Kofi Abrefa Busia made this comment in 1962, barely five years after his country, Ghana, became independent.  If instead of ‘emancipation from colonial rule’ we were to say, ‘emancipation from the domination of African political elites,’ Busia’s account of Africa’s challenge would retain all the urgency it reflected when he first expressed it almost six decades ago. How do we explain this situation? How do we explain the fact that Africa’s challenges in the 1950s and 1960s have persisted into the present decade? In my view, the answer to this question must be sought in the realm of the political failure that defines the experience of post-colonial Africa. I will attempt in this presentation is to demonstrate this point and propose a sketch of an African political philosophy that responds adequately to the problem. I begin with an account of the phenomenon of political failure and show the sense in which its recalcitrance constitutes a demand for the articulation of a new African political philosophy.
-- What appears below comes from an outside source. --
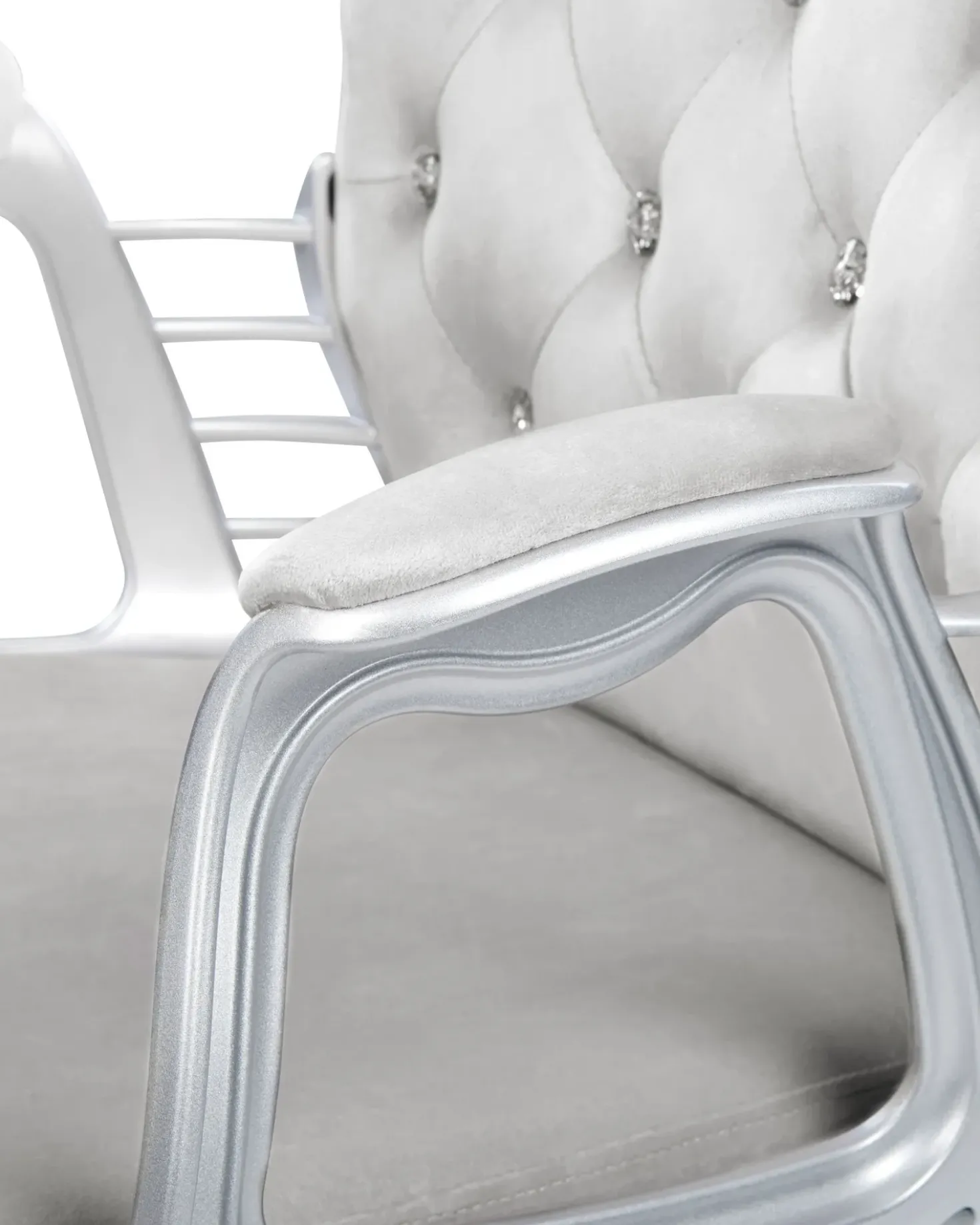 Sedia da scrivania PRINCESS Velluto Grigio chiaro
That is, a call for the development of a political philosophy that takes a different route in attempting to make sense of postcolonial African experience.

 

Bio:

Uchenna Okeja is Associate Professor of philosophy at Rhodes University and Iso Lomso Fellow at Stellenbosch Institute for Advanced Study. He works mainly in the areas of critical theory, political philosophy, ethics and African philosophy. He attempts in his current research to address three problems: 1) how our understanding of justice is shaped by global human experience of domination and injustice, 2) why preference defines the moral problem of immigration, and 3) what non-Western traditions of thought can contribute to our understanding of democracy. His most recent works are: Religion, Politics and Postsecularism, ed., (Routledge), War by Agreement: On the Nature and Justification of Just War (Journal of Military Ethics); and "Palaver and Consensus as Metaphors for the Public Sphere in African Philosophy," in The Oxford Handbook of Comparative Political Theory (Oxford University Press). He is currently completing a book on African political philosophy and starting research for another book tentatively titled Global Africana Thought – Critique of Humiliation. He is editor of two books for Routledge: Postsecularism, Religion and Politics and African Philosophy and Global Justice: Philosophical Essays. He is also co-editing a special issue of Ethical Perspectives on Ubuntu and Justice, a Handbook on the Ethics of Immigration and African Military History and Ethics. Prior to the current position at Rhodes, he taught philosophy and business ethics at University of Applied Sciences in Fulda and Goethe University Frankfurt. He had his undergraduate and post-graduate studies in Germany, obtaining his PhD at Goethe University Frankfurt in 2011. He has held visiting positions at Stellenbosch Institute for Advanced Study, Forschungskolleg in Bad Homburg and Senior Fellowship at Iustitia Amplificata Center for Advanced Study in Frankfurt. Currently, he is completing a fellowship at the Center for African Studies at Harvard University and will be in residence from October 2018 as a Visiting Fellow at Peter Wall Institute for Advanced Study, University of British Columbia, Vancouver.